WHAT TO DO: A verbatim repeat of the lines below is required, with the pictures removed.

DATA:
-=-=-

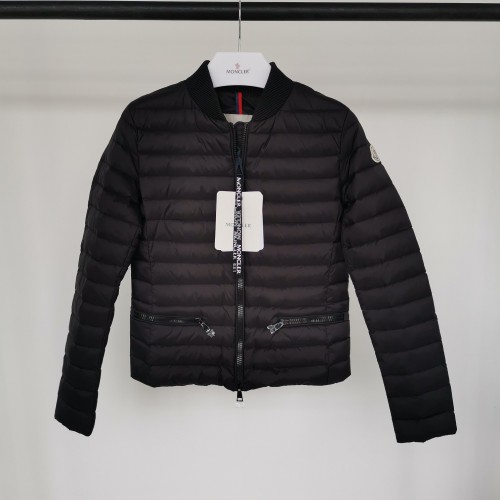 Moncler Womens Down Jacket Womens Coats Luxury Brand Fashion Design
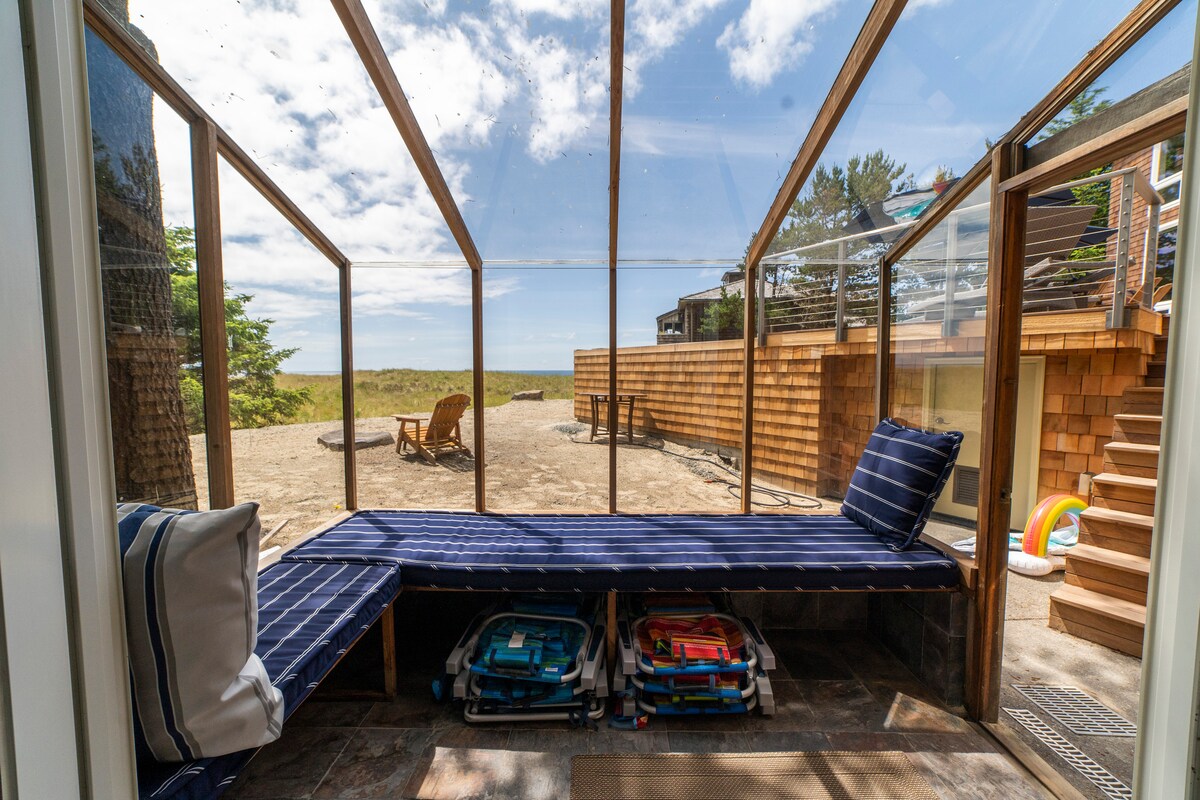 Ulaz u atrij za seosku kućicu Dune s ležaljkama za plažu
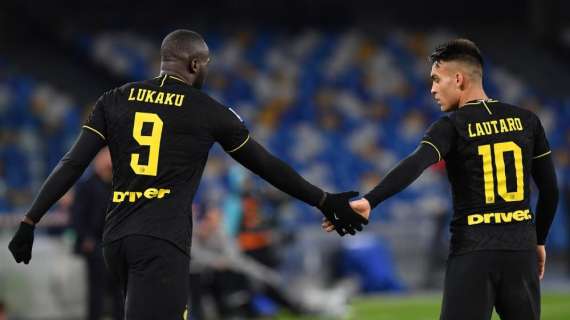 Napoli sotto al 45', soliti disastri individuali: uno scivolone ed una papera ed è 1-2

-=-=-

EXPECTED ANSWER:
 Moncler Womens Down Jacket Womens Coats Luxury Brand Fashion Design
 Ulaz u atrij za seosku kućicu Dune s ležaljkama za plažu
 Napoli sotto al 45', soliti disastri individuali: uno scivolone ed una papera ed è 1-2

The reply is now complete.